▶ **What the task asks**
The response should repeat word for word every line below from the one with "vidaXL Sofa Set" to the one with "Lahome Floral Washable", inclusive, and nothing else; leave pictures out.

▶ **Provided records**
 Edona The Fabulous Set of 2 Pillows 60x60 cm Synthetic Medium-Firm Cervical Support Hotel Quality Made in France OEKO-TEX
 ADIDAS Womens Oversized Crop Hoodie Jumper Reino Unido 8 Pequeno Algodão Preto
--
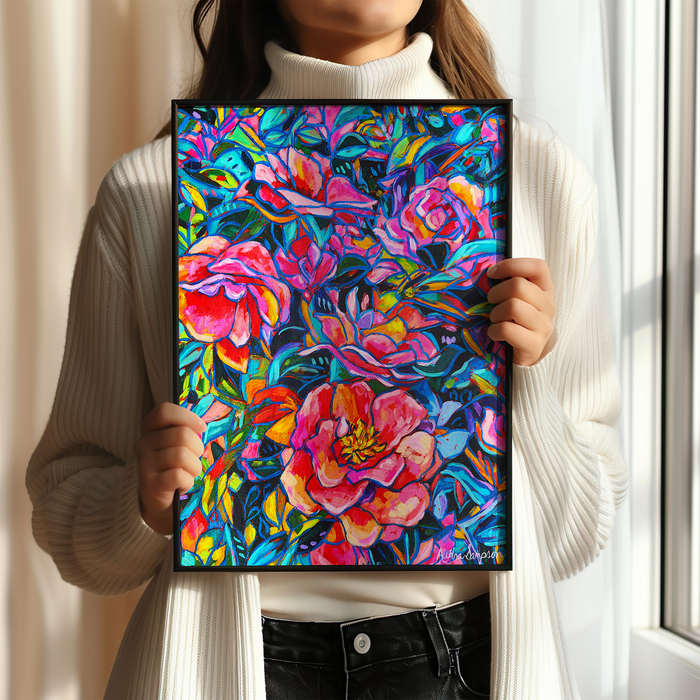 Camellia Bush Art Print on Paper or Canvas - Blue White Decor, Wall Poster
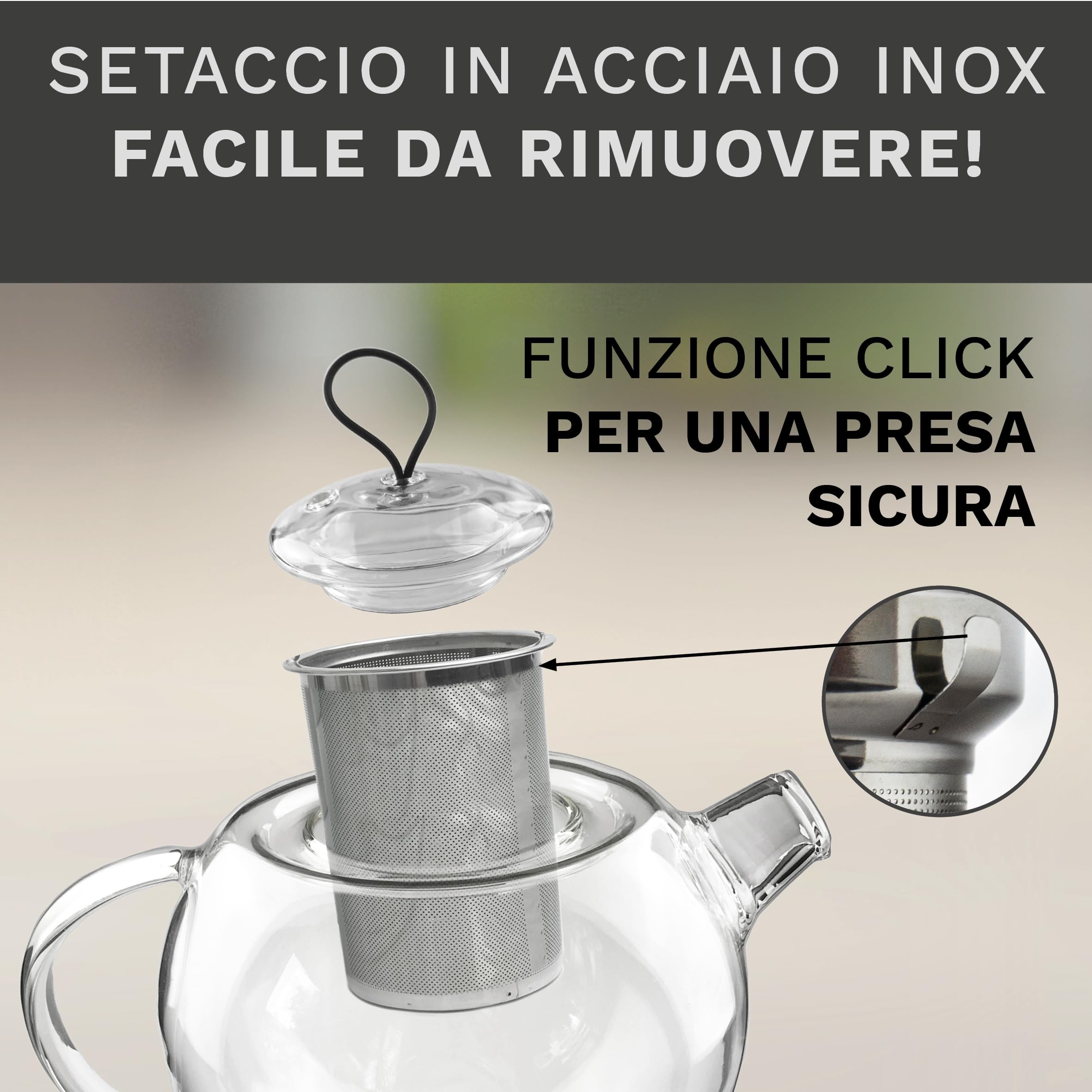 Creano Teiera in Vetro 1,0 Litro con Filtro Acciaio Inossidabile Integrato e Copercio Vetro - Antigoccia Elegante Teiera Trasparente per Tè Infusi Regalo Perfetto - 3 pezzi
...
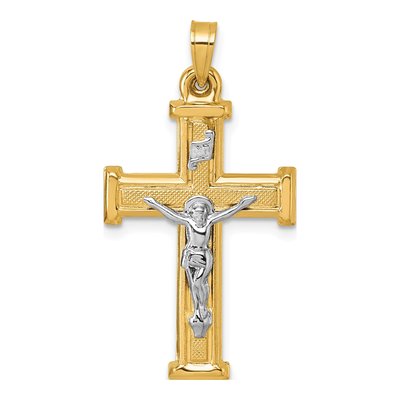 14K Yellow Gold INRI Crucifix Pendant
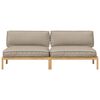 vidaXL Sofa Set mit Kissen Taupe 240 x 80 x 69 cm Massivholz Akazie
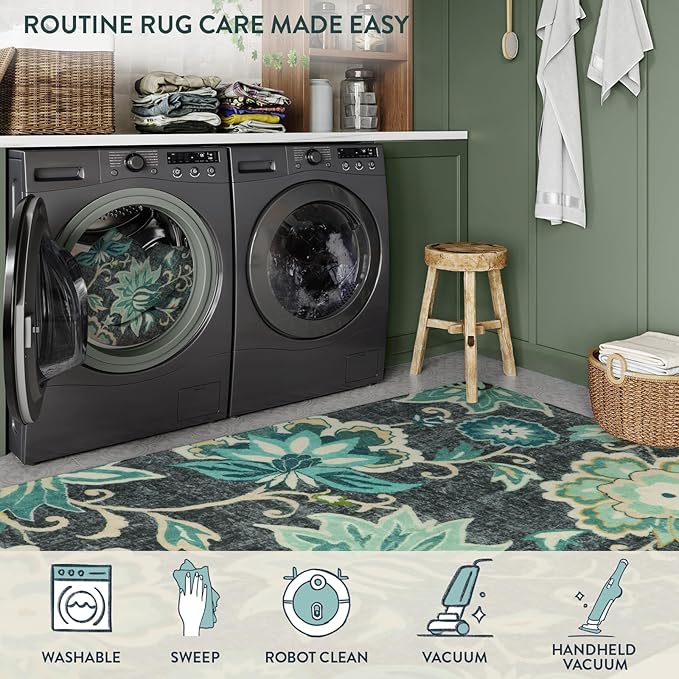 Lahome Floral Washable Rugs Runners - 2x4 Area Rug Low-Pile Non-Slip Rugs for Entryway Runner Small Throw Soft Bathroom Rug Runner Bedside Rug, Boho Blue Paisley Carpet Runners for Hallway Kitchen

▶ **Your solution**
 vidaXL Sofa Set mit Kissen Taupe 240 x 80 x 69 cm Massivholz Akazie
 Lahome Floral Washable Rugs Runners - 2x4 Area Rug Low-Pile Non-Slip Rugs for Entryway Runner Small Throw Soft Bathroom Rug Runner Bedside Rug, Boho Blue Paisley Carpet Runners for Hallway Kitchen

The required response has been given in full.